* [Exercise objective]: Line by line, output everything from the one that contains "وَتَوَكَّلْ عَلَى الْعَزِيزِ" through the end of the material below, exactly as written and with no pictures.

* [Supplied data]:
====================

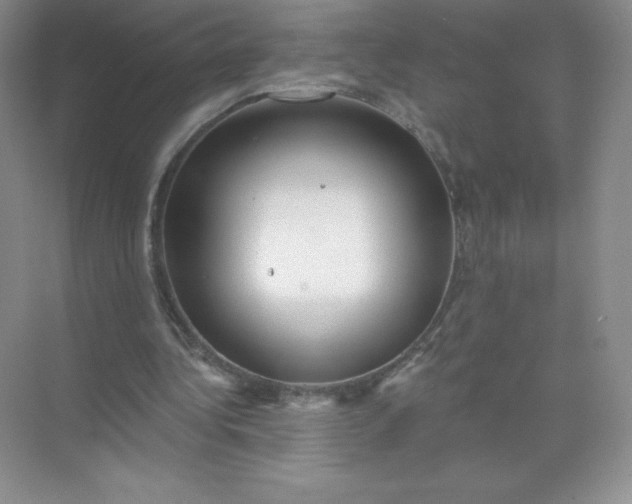 X0000071960340200607212258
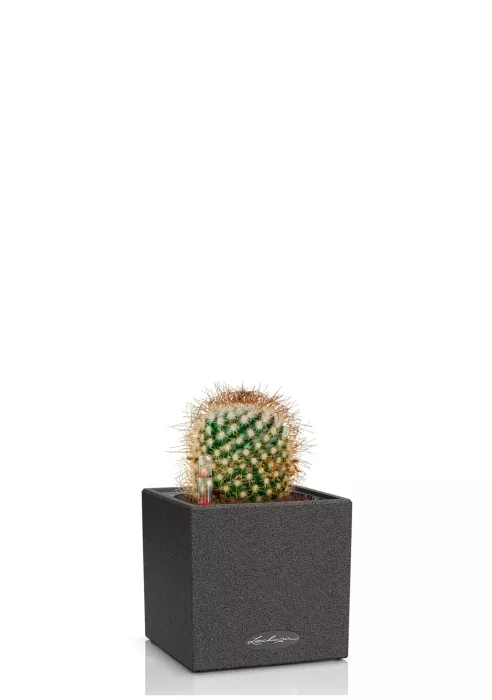 Кактус Маммиллярия Альбиланата 12/20 см в CANTO STONE 14, графитовый черный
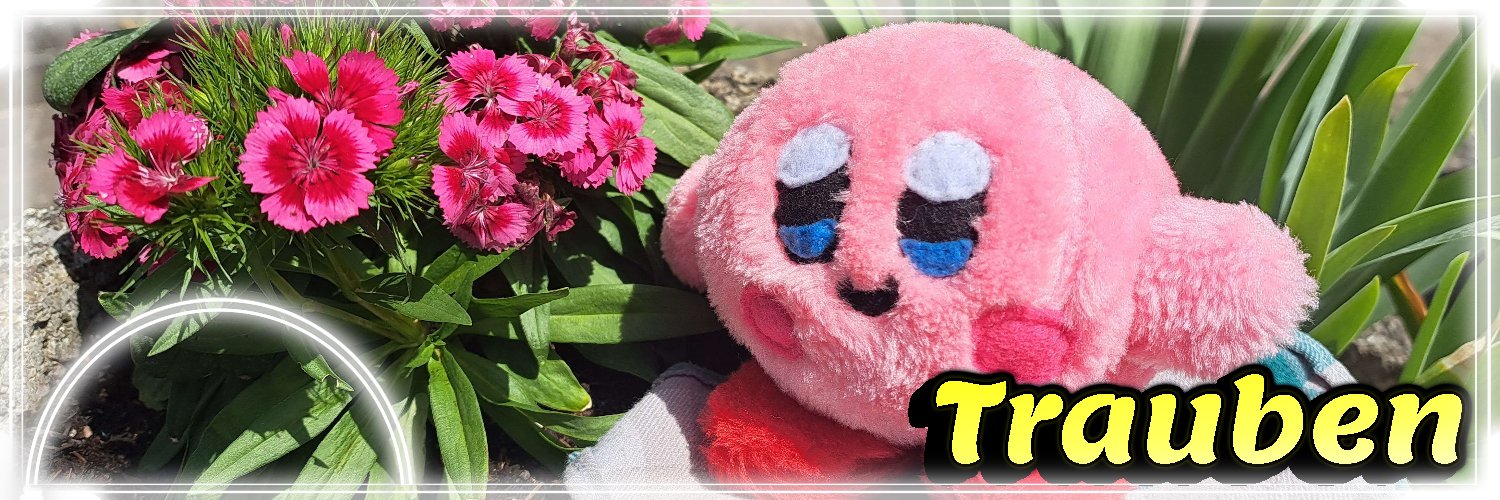 HELLO I'M TRAUBEN🍋 banner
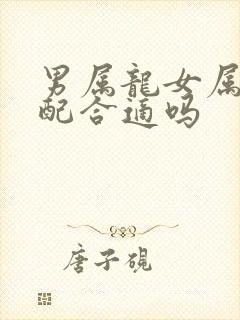 男属龙女属羊婚配合适吗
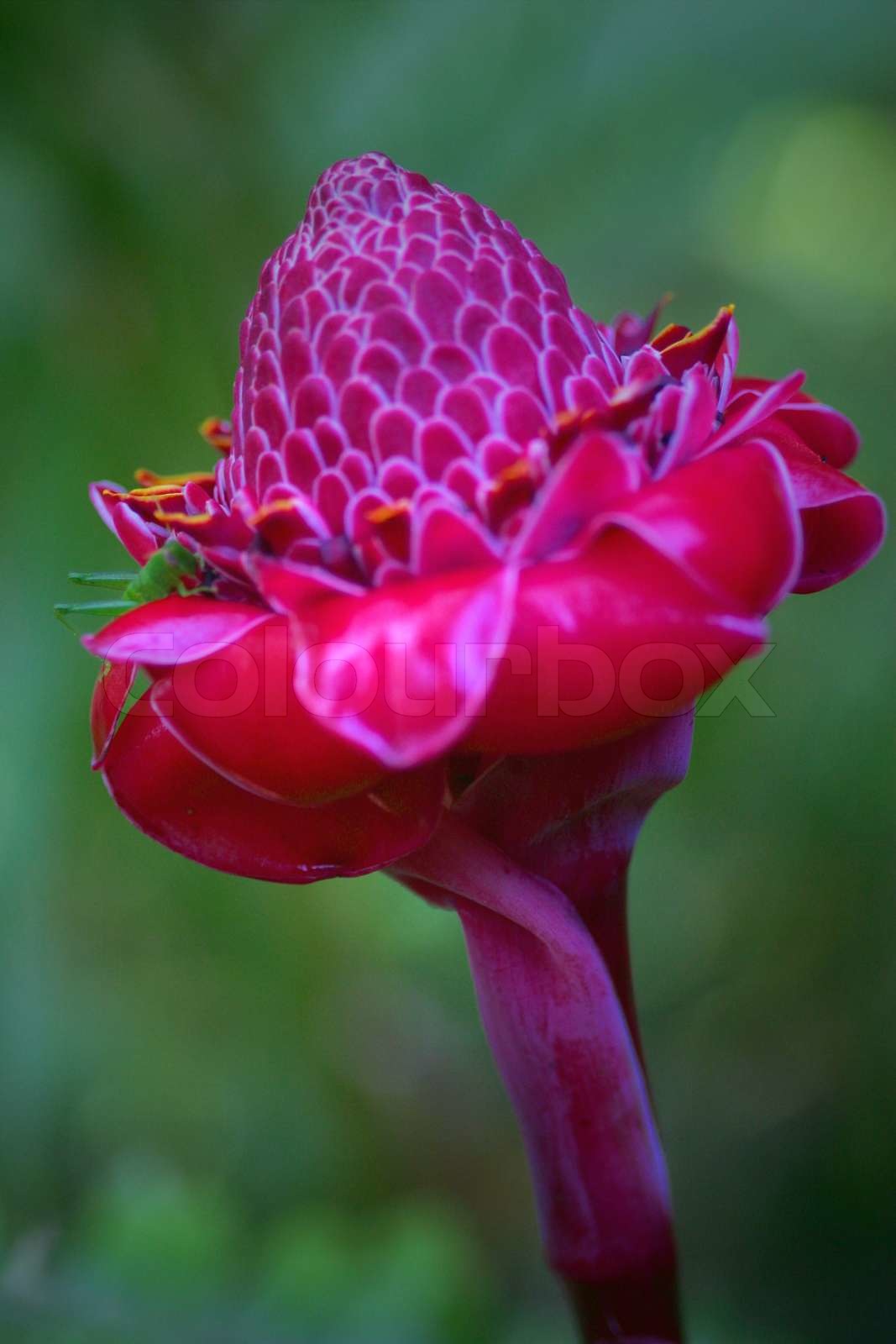 Torch Ginger Flower Stock foto Colourbox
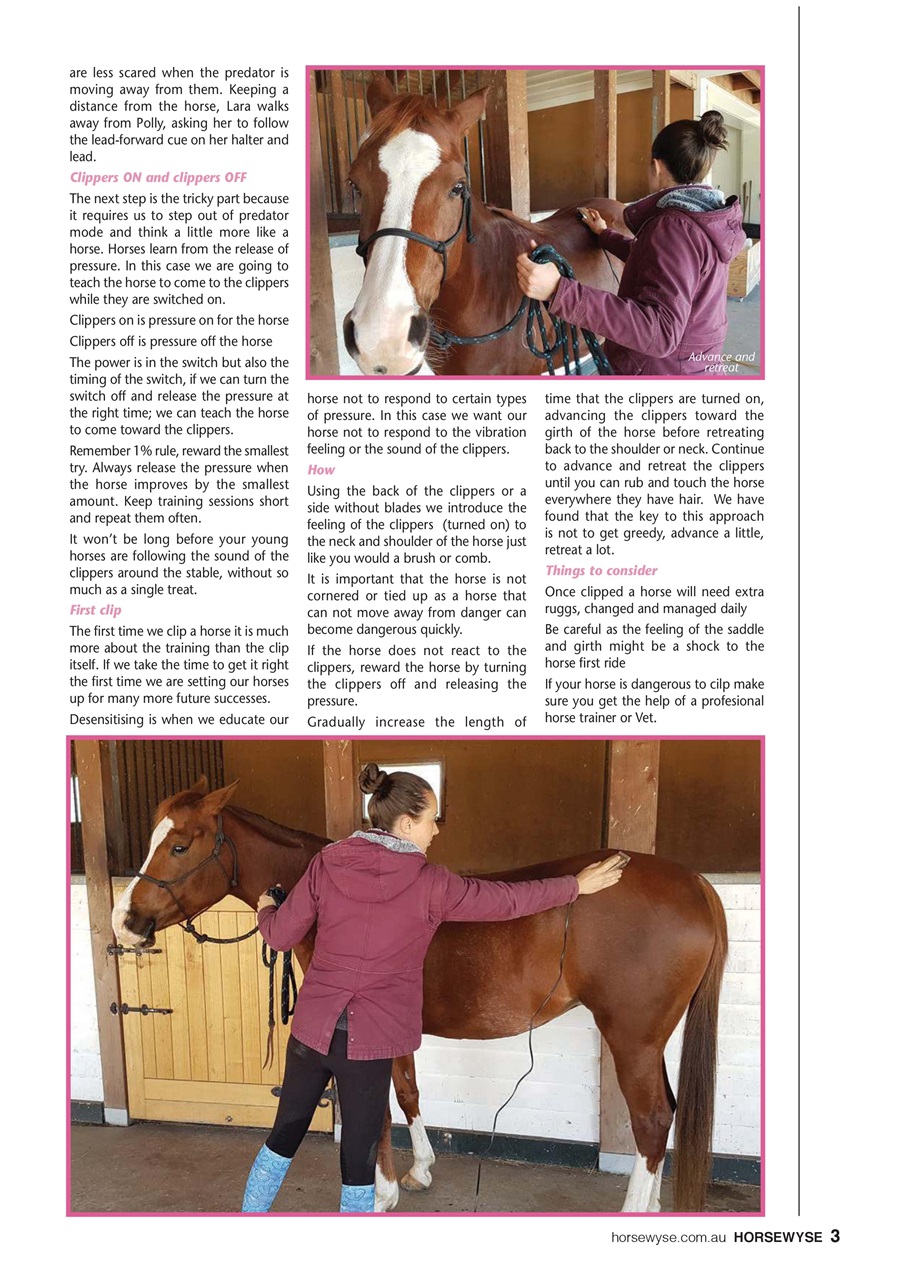 HorseWyse Magazine Preview Pages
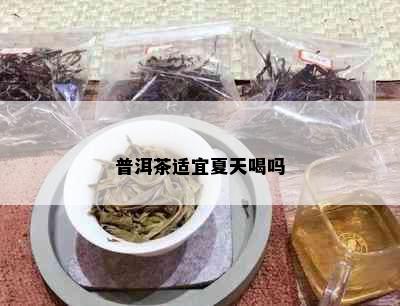 普洱茶适宜夏天喝吗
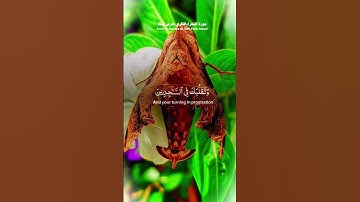 وَتَوَكَّلْ عَلَى الْعَزِيزِ الرَّحِيمِ #فارس_عباد #تلاوة_مميزة #اكسبلور #quran #explore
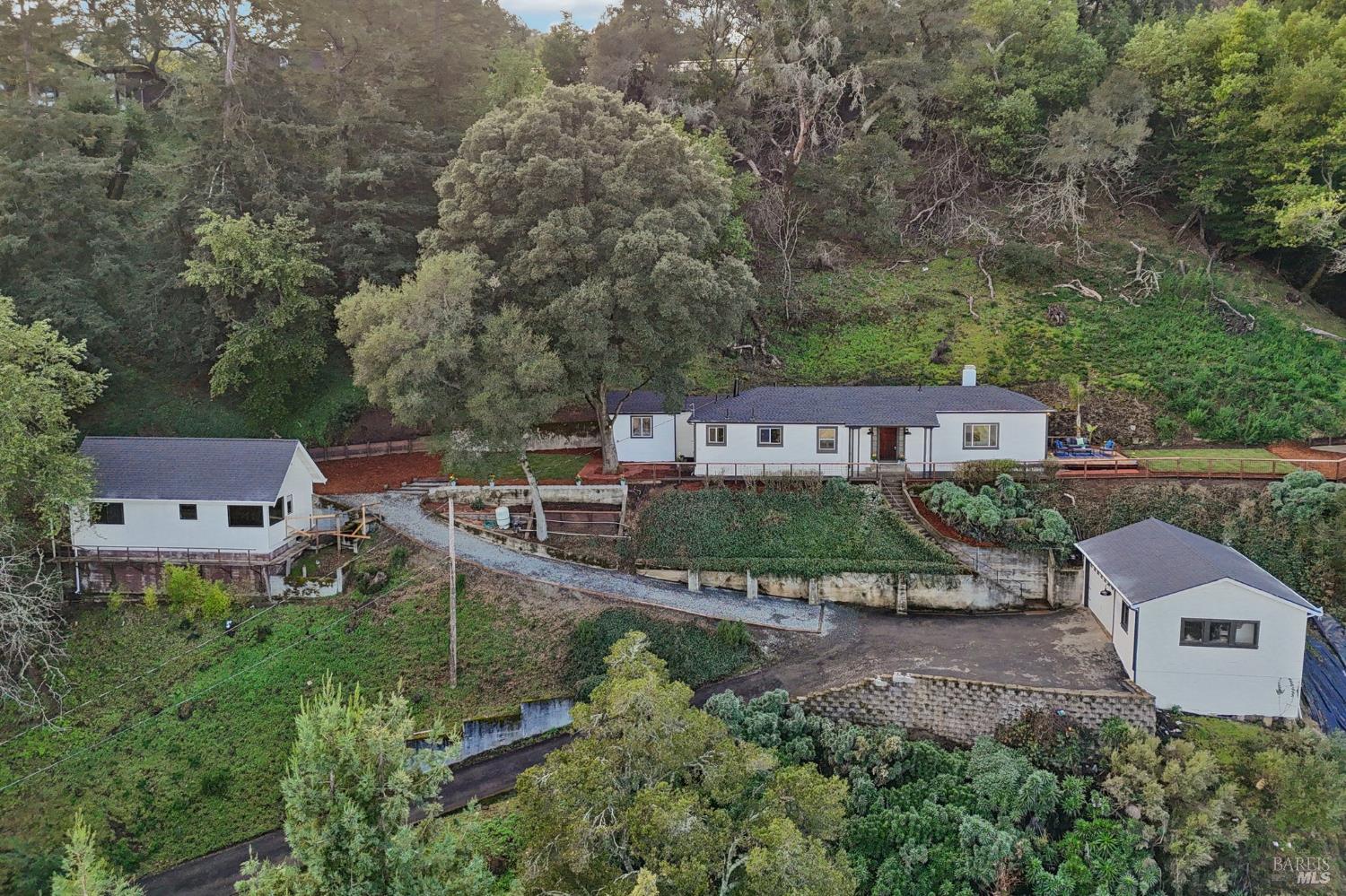Media Image 1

====================

* [Task answer]:
 وَتَوَكَّلْ عَلَى الْعَزِيزِ الرَّحِيمِ #فارس_عباد #تلاوة_مميزة #اكسبلور #quran #explore
Media Image 1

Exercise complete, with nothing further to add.